As far as I can tell, MOST Uber drivers in Dallas don't have that permit. The roll out has been a colossal cluster f*ck. I never got a permit no matter how many emails I sent trying but it doesn't stop you from driving for Uber. It just means you can get a hefty ticket if you try to do airport runs.


----------



## Mr. T (Jun 27, 2015)

chi1cabby said:


> I will chill out when you stop using the word *****S* on the forum. This ain't a frat boy message board. We have many women forum members too. Show some respect.


Well that word definitely describes half the women picked up at night, including the handful trying to get in my pants.


----------



## thehappytypist (Oct 9, 2014)

jaktharkhan said:


> This story makes no sense now. Uber is saying the guy was not authorized to drive for uber? Then how the hell did he get an Uber passenger?

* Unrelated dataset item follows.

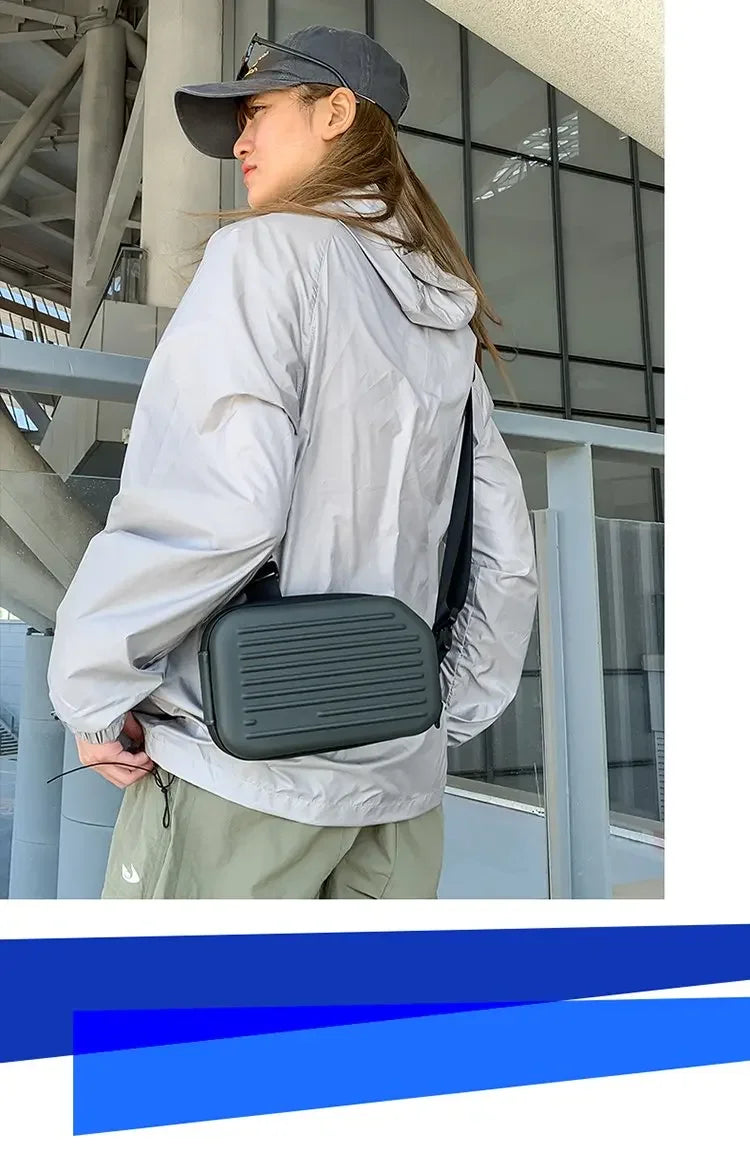 Borsa a tracolla rigida nera, leggera e portatile, per adulti, ideale per il trasporto quotidiano, lo shopping, le brevi camminate all'aperto e l'uso quotidiano.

Yet uber is saying "The driver was immediately banned once we learned of the allegations...". So was he or was he not an uber driver?


Happens more often than you would think. They drive up to someone waiting out side and either the driver asks them if they're waiting for Uber or the rider asks if they're Uber. It usually happens in very busy areas, like airports.


----------



## thehappytypist (Oct 9, 2014)

SpecialK said:


> I don't get how he picked up an uber rider without the platform. We had a similar case here with a ********* driver using uber.


They roll up to someone waiting outside and pretend to be an Uber. Not everyone pays much attention to the picture and license plate given to them in the app.


----------



## chi1cabby (May 28, 2014)

jaktharkhan said:


> This story makes no sense now. Uber is saying the guy was not authorized to drive for uber? Then how the hell did he get an Uber passenger? Yet uber is saying "The driver was immediately banned once we learned of the allegations...". So was he or was he not an uber driver?


The Driver was clearly Authorized by Uber on it's platform, and was in fact the Driver that received the ping. Uber provided the police with his details. And remember that the Driver was "Banned from the platform" after the allegations.


----------



## UberNorthStar (Jul 7, 2015)

thehappytypist said:


> They drive up to someone waiting out side and either the driver asks them if they're waiting for Uber or the rider asks if they're Uber. It usually happens in very busy areas, like airports


A friend off mine had this happen to her at LaGuardia (sp). A driver walked up to her family & claimed to be w/Uber. I asked if there was a "U" in the window.


----------



## thehappytypist (Oct 9, 2014)

UberNorthStar said:


> A friend off mine had this happen to her at LaGuardia (sp). A driver walked up to her family & claimed to be w/Uber. I asked if there was a "U" in the window.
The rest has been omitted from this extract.